DATA PROVIDED —

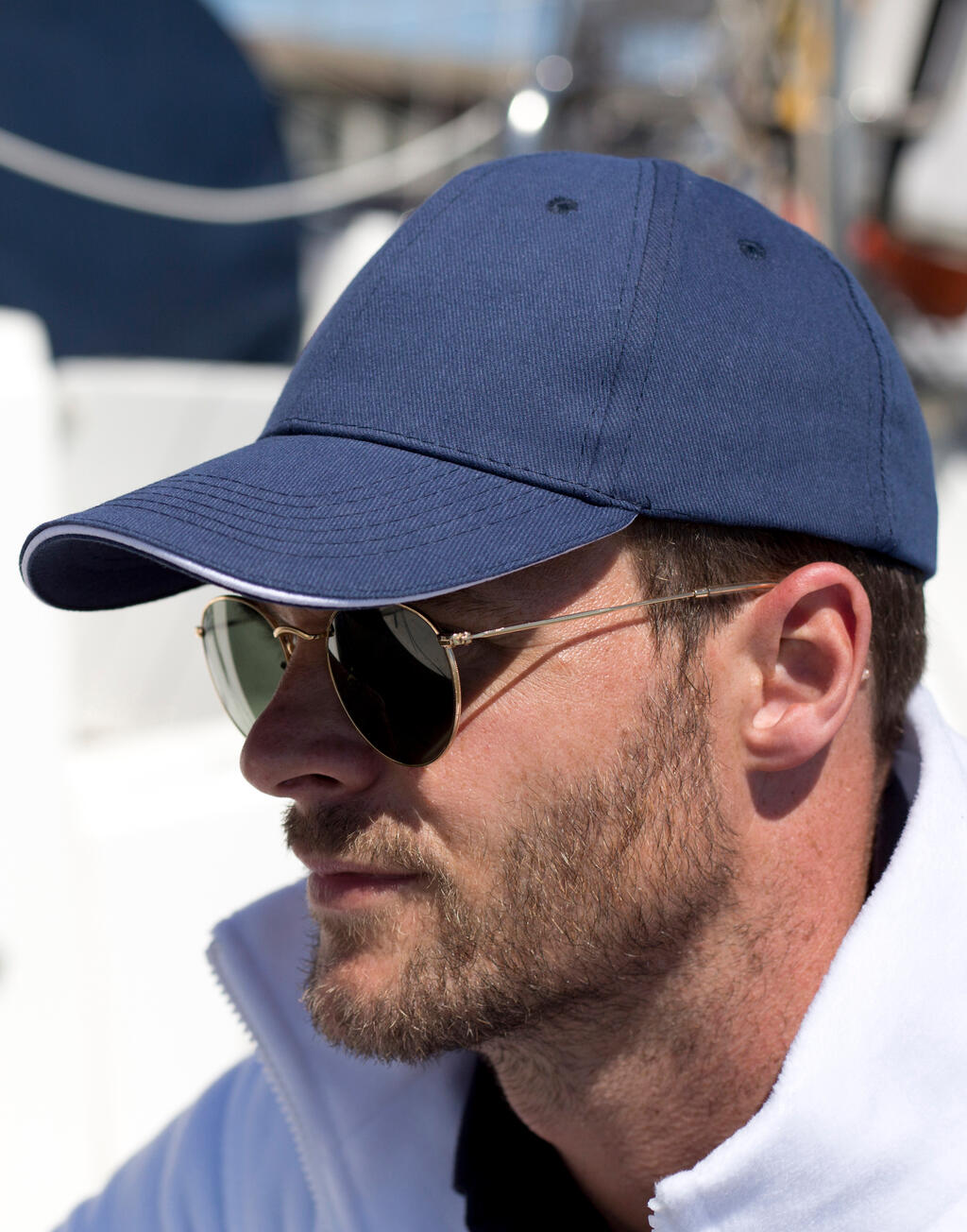 Memphis Low Profile Sandwich Peak Cap in Farbe Black/Red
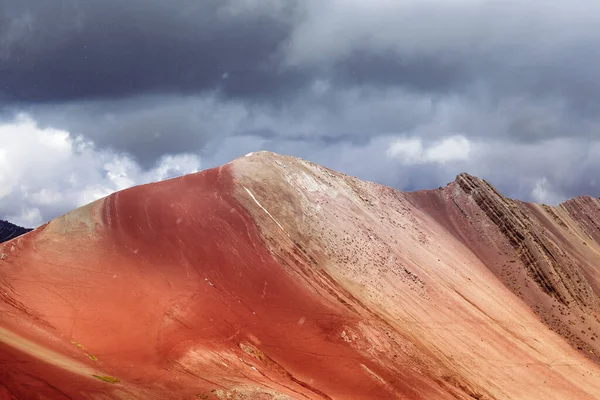 Vinicunca, yedi renkten oluşan güzel dağ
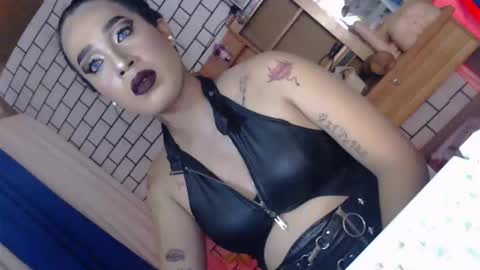 Snapshot of _caroline69 chatting on 04.08.26 Caroline online show from 04.08.26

EXERCISE DESCRIPTION —
Leave every picture out and write out exactly the lines from the line with "Vinicunca, yedi renkten oluşan güzel dağ" through the last line of the material.

ANSWER BOX —
 Vinicunca, yedi renkten oluşan güzel dağ
 Snapshot of _caroline69 chatting on 04.08.26 Caroline online show from 04.08.26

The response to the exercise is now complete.